Nintendo Switch uses a modified FreeBSD operating system. A recent post, here, talked about the lack of use of FreeBSD and no one switches to FreeBSD. Another update of an example of a company that, just five years ago, built another new product around FreeBSD.



> The Nintendo Switch had a relatively strong holiday quarter, with 10.67 million units shipped between October and December despite the global semiconductor shortage. That brings the system’s lifetime total to 103.54 million units shipped, meaning it took just under five years to overtake the Wii’s 101.63 million.


----------



## CuatroTorres (Feb 5, 2022)

Somewhere, I read that Nintendo Switch is not really based on FreeBSD[1]. It seemed official. The article doesn't mention anything about it. I'll try to find my reading [done], while you could indicate the source about the relationship between the company with the operating system, if you have one. Thanks.
By the way, the Wii was a resounding failure.

[1]: 








						Nintendo Switch system software - Wikipedia
					






					en.wikipedia.org


----------



## zirias@ (Feb 5, 2022)

That's of course because of the huge crowd of FreeBSD fans among gamers


----------



## Menelkir (Feb 5, 2022)

CuatroTorres said:


> Somewhere, I read that Nintendo Switch is not really based on FreeBSD. It seemed official. The article doesn't mention anything about it. I'll try to find my reading, while you could indicate the source about the relationship between the company with the operating system, if you have one. Thanks.
> By the way, the Wii was a resounding failure.
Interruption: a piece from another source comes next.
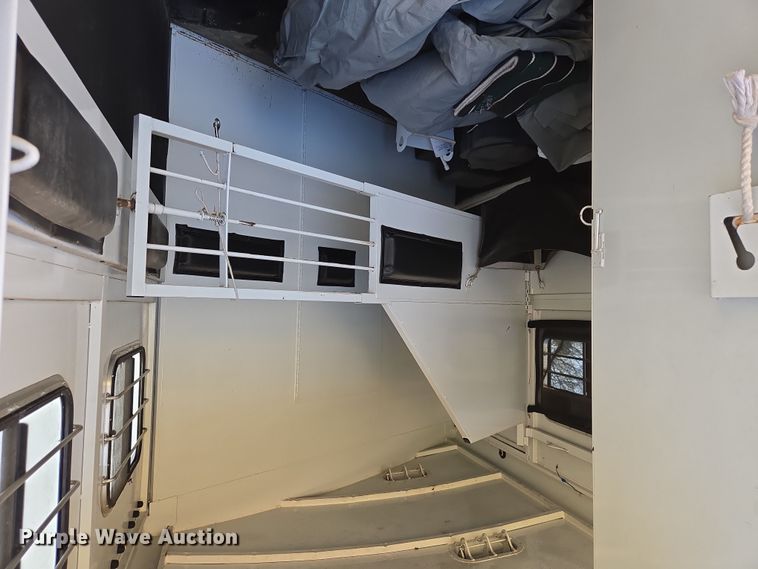 image for item EN3559 2001 Titan Trailer Mfg. Inc. horse trailer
Yes, horizon (the switch OS) it's a microkernel with some extra chimichangas. To be more exact, Horizon is pretty much an evolution of 3DS System Software, which is not a FreeBSD based OS either.


----------



## CuatroTorres (Feb 5, 2022)

Zirias said:


> That's of course because of the huge crowd of FreeBSD fans among gamers



_It's the license, friend!_


----------



## zirias@ (Feb 5, 2022)

CuatroTorres said:


> _It's the license, friend!_


Oh, the irony 

The license is a possible reason for companies to pick (Free)BSD as a base for their product, sure. Not so much one for success of this product at the market. Besides that, my remark wasn't all too serious


----------



## drhowarddrfine (Feb 5, 2022)

Apparently it's not while parts of FreeBSD are an important part of the Horizon operating system though this information is from reverse engineering only and not any inside information.


> Horizon is not largely derived from FreeBSD code, nor from Android, although the software licence[14] and reverse engineering efforts[15][16] have revealed that *Nintendo does use some code* from both in some system services and drivers. For example, *the networking stack in the Switch OS is derived at least in part from FreeBSD* code.[15] Nintendo's use of FreeBSD networking code is legal as it is made available under the permissive BSD licence, and not even particularly unusual – notably, the Microsoft Windows TCP/IP stack was originally derived from BSD code in a similar fashion.


----------



## CuatroTorres (Feb 5, 2022)

There are many other systems, if they chose FreeBSD it will be on its own merits of course.


----------